The hybrid train/bus runs on gasoline. Brown and the Historical
Society are proposing to
restore the old Rio Grande Southern track between Dolores
and Mancos and run twice daily trips on the goose in the
summer months./Photo by Todd Newcomer. |
Several years ago, when Dolores
resident Wayne Brown approached fellow townspeople about restoring
the old Rio Grande Southern Galloping Goose No.5 he was met
with skepticism.
“The community hesitated to allow a group of mostly newcomers
to take their goose apart and rebuild it,” he said.
However, Brown and a group of dedicated rail buffs, calling
themselves the Galloping Goose Historical Society, persevered.
To prove themselves worthy, they started by rebuilding the old
RSG depot in town, where the Goose is now housed.
“Seven of us spent two years rebuilding the depot,”
said Brown, 52, a multidisciplined handy man and self-described
“contract consultant” who specializes in boiler
maintenance. “This showed the community that we had the
wherewithal and expertise to restore the goose.”
Then, in 1996, with the help of a Colorado Historical Society
grant and the town’s blessing, the group set about restoring
beloved Goose No. 5 as well.
“We got the Goose restored in 14 months,” Brown
said of the 70-year-old gasoline-powered railbus.

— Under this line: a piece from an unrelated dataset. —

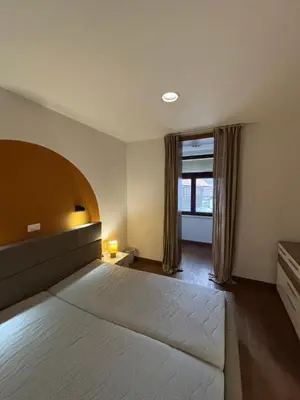 a bedroom with a large bed and a window at Apartma Vila De Casa in Ribnica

Now, Brown and his cohorts are embarking on yet another mission:
to restore the old RGS narrow gauge line from Dolores to Mancos
that the Goose once roamed as a tourist attraction. According
to a proposal set forth by the group, the 30-passenger Goose
would run twice daily between Dolores and Mancos in the summer
season and when the weather permits, on special occasions.
“You can’t haul a lot with it,” said Patrick
McCoy, of the San Juan National Forest’s Dolores office.
“It won’t be like (the Durango and Silverton) narrow
gauge, but it’s a start.”
McCoy said the Forest Service is just one of 44 landowners
the Galloping Goose Historical Society will need to gain an
easement from in order to rebuild the 20-mile line.
So far, the group has gained the backing of the towns of Dolores
and Mancos, both of which passed resolutions supporting the
endeavor.
“The Town Board believes it will improve the economic
factors here in Dolores,” said Ann Swope, an assistant
clerk for the town of Dolores.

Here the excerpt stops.